Team Bird Brain’s undergraduate and graduate students come together under the mentorship of Pilarski, who says, “It’s really about the students for me. I have really enjoyed training students in the lab and over the last eight years we’ve had some incredible students.”
When you talk to students in his lab, you realize Pilarski isn’t blowing smoke. The procedures mentioned above are no small feat to master, and Pilarski entrusts his students in learning how to do it.
“First you have to be able to recognize the nerves, then you have to recognize good nerves and then you actually have to find them again and record (from) those,” said Jennie Nelson, an undergraduate biological science student who has worked in the lab the last 2-1/2 years and is entering a neuroscience doctoral program at the University of Utah this fall, thanks in no small measure to her experience in the lab.

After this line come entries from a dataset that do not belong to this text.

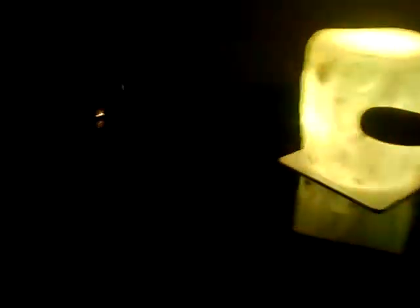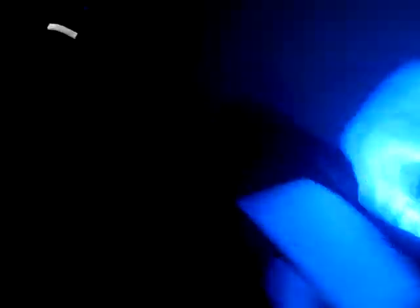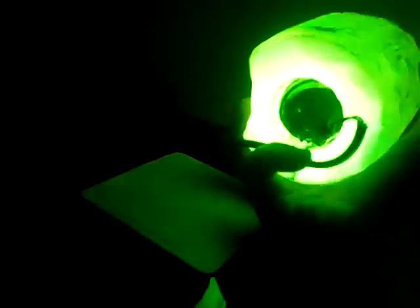For perspective, this is a chunk of selenite, I think, and put a USB module, a LED module down there, and it came out of a light bulb.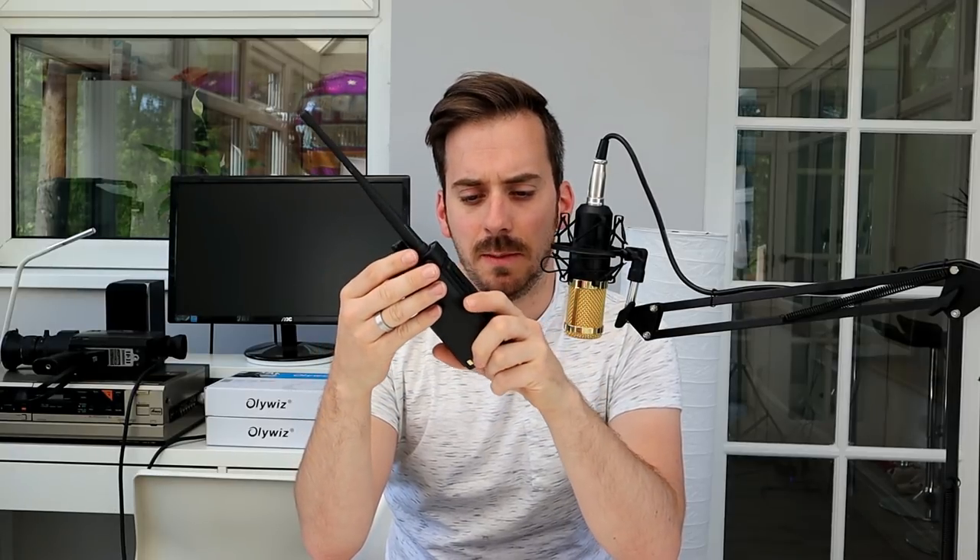Hi guys, hope you're all okay. Welcome back to the channel, thanks for joining me today. This is part two on the Ailunce HD1 DMR radio — the radio I reviewed a couple of weeks ago, which was kindly sent to me by Ailunce for review. It's an absolutely cracking radio. The firmware updates are getting better and better, and the main feature that really stood out for me is that it's designed for the amateur radio user rather than the business structure that DMR is usually based on.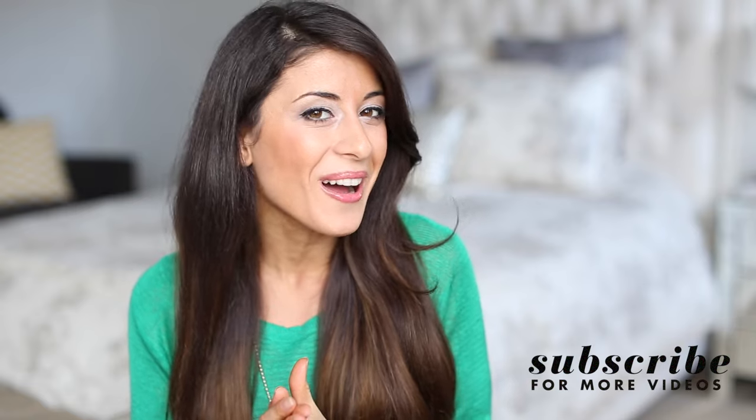Hi my beautiful friends! How are you doing? It's Mimi here today and guess what? Today I'm finally going to show you how to achieve heatless curls. I've done a heatless waves video a while back and it was super easy. You guys loved that video and you all requested a heatless curls video, and I know it took me a while, but today I will finally show you so let's begin.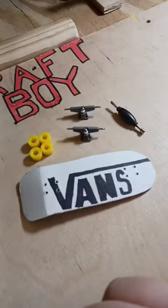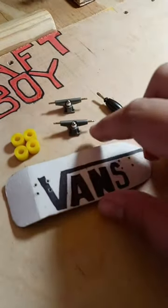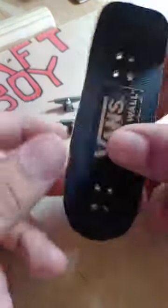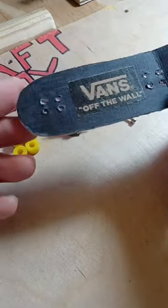Here's an old-school fingerboard deck shape that I made inspired by the Vans logo. Today we're going to be setting it up with some stock tech deck trucks and with some big yellow cruiser wheels.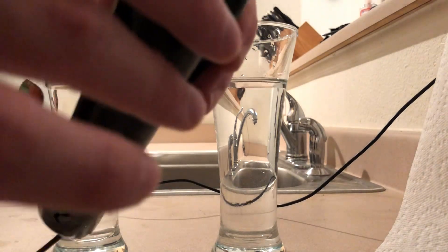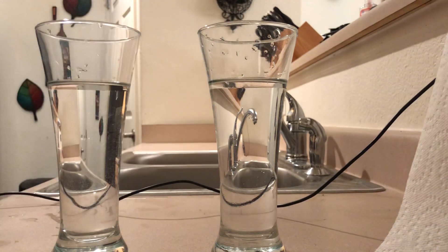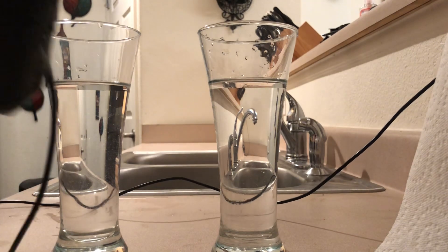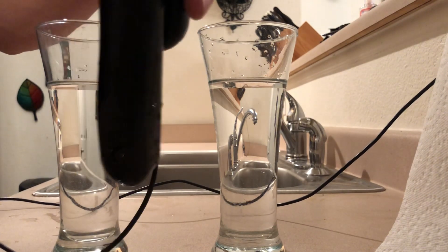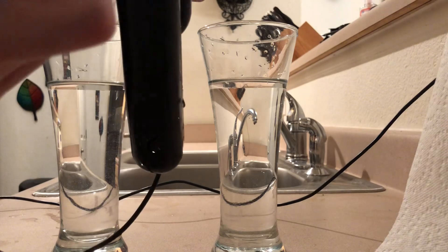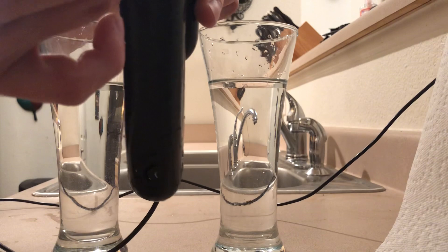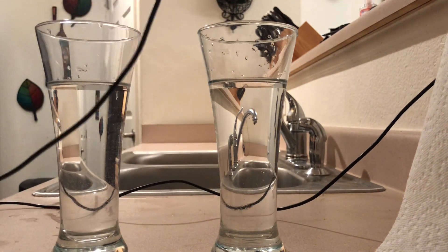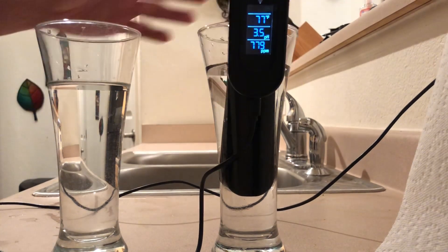There's a rubber stomp on the back — you need to take this off so you can press the calibrate button. You'll want to save that rubber stomp because the device is not waterproof if water gets into that hole. This is also the same button you press to switch from Celsius to Fahrenheit — press it for about a second to switch, and hold it down for a few seconds to enter calibration mode.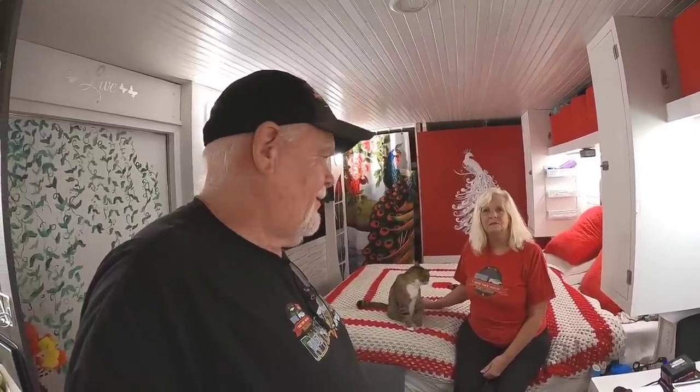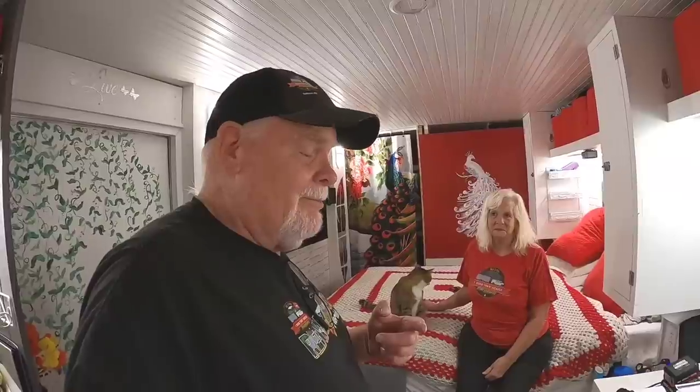This is Bill and Deb with I Ride Tiny House Adventures. We're not camping — we're living. Y'all get out there and do some living, and we'll talk to you again soon. Bye-bye.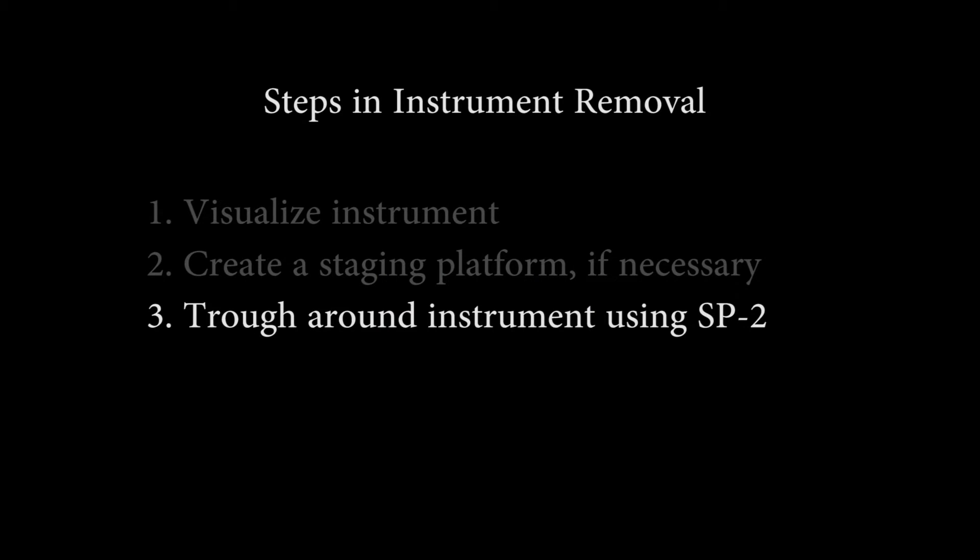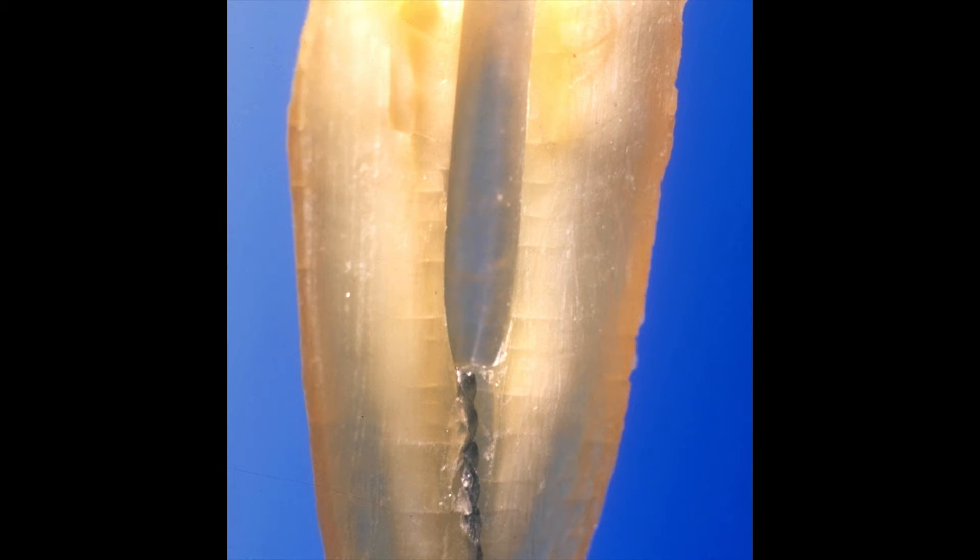Step three, trough around the instrument using the SP2. Do not touch the instrument with the ultrasonic tip. Try and just trough around the side of the instrument circumferentially, creating a nice circular trough around the instrument.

“It is a pretty complex thing that you do under a microscope,” Nelson continued. “You could not tell what the smaller embryo brainstems are without a microscope because they are about the size of the end of a sharpened pencil – they are very tiny.”
Another undergraduate in the lab, Jaydn Burton, a biological sciences major who graduated this spring and is entering the Idaho Dental Education Program this fall, said the experience doing the nerve procedures was invaluable.
“It is really good for pre-dental students because it is very minute work on those tiny, little Zebra Finch brainstems, that are about the size of Lincoln’s head on a penny,” said Burton, who said it took him months to master the procedure. “Then we work with the nerves on them, which are microscopic and you can barely see them. You get really good practice with microscope and hand-eye coordination that way.”
Says Pilarksi, “It is hard for undergraduates to do neuroscience research. It requires so much time and they have a full schedule so I don’t know how it all happens, but it works out.”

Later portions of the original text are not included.